Spaghetti and Salmon Meatballs in Red Pepper SauceWith colder weather rolling in, autumn meals should be both warm and filling, a requirement met by meatballs.
1 lb (500 g) salmon, skin removed, cut into chunks
2 shallots, chopped
2 tbsp (30 ml) unsalted butter, melted and cooled
1 tbsp (15 ml) dried Italian herb blend
2 tbsp (30 ml) mayonnaise
2 garlic cloves, minced
1 large egg
¾ cup (175 ml) panko bread crumbs
kosher salt and freshly ground black pepper, to taste
2 cups (500 ml) jarred roasted red bell peppers, drained
2 tbsp (30 ml) olive oil
1 medium onion, finely chopped
1 celery stick, finely chopped
½ cup (125 ml) whipping cream
¼ cup (60 ml) white wine
¾ lb (340 g) spaghetti
½ cup (125 ml) chopped flat leaf parsley
1 cup (250 ml) pitted green olives, sliced in half if large
Parmesan, for serving
- To make salmon meatballs, preheat oven to 350 F (180 C).
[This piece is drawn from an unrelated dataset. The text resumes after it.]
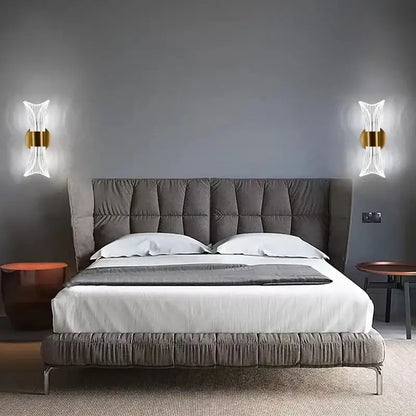 Modern gold crystal wall lamp with sculptural glass design above gray tufted velvet bed with white linens and dark gray throw blanket decorbites crystal wall lamp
Lightly oil a rimmed baking sheet and set aside.
- In a food processor bowl, place salmon and shallots and process until salmon is finely chopped. Transfer mixture to a large bowl and add butter, Italian herb blend, mayonnaise, garlic, egg, panko crumbs and a good pinch of salt and pepper. Stir with a wooden spoon or spatula until well combined. Form into balls, about 1½ tbsp (22 ml) in size, and place on prepared baking tray. Bake, turning halfway through cooking time, until lightly browned and cooked through, about 10 to 15 minutes.
- Bring a large pot of salted water to a boil to cook pasta.
- Rinse red bell peppers well under cold water. Roughly chop and set aside.
- In a large frying pan, warm olive oil over medium-high heat. Sauté onions and celery with a good seasoning of salt and pepper until softened, about 4 minutes. Add red peppers and continue to sauté until peppers are warmed through, about 1 minute. Transfer warm vegetable mixture to a blender along with whipping cream and wine. Blend until a smooth sauce is achieved. Return sauce to frying pan over medium heat. Bring sauce to a simmer and cook, stirring occasionally, until slightly thickened, about 5 to 8 minutes.
- Meanwhile, cook spaghetti according to package directions.
- Add salmon meatballs to sauce and gently stir to coat. Drain pasta, add to sauce and gently toss to coat.
- To serve, divide pasta and salmon meatballs among 4 warm pasta bowls. Serve topped with a sprinkle of chopped parsley, green olives and some shaved Parmesan, if desired.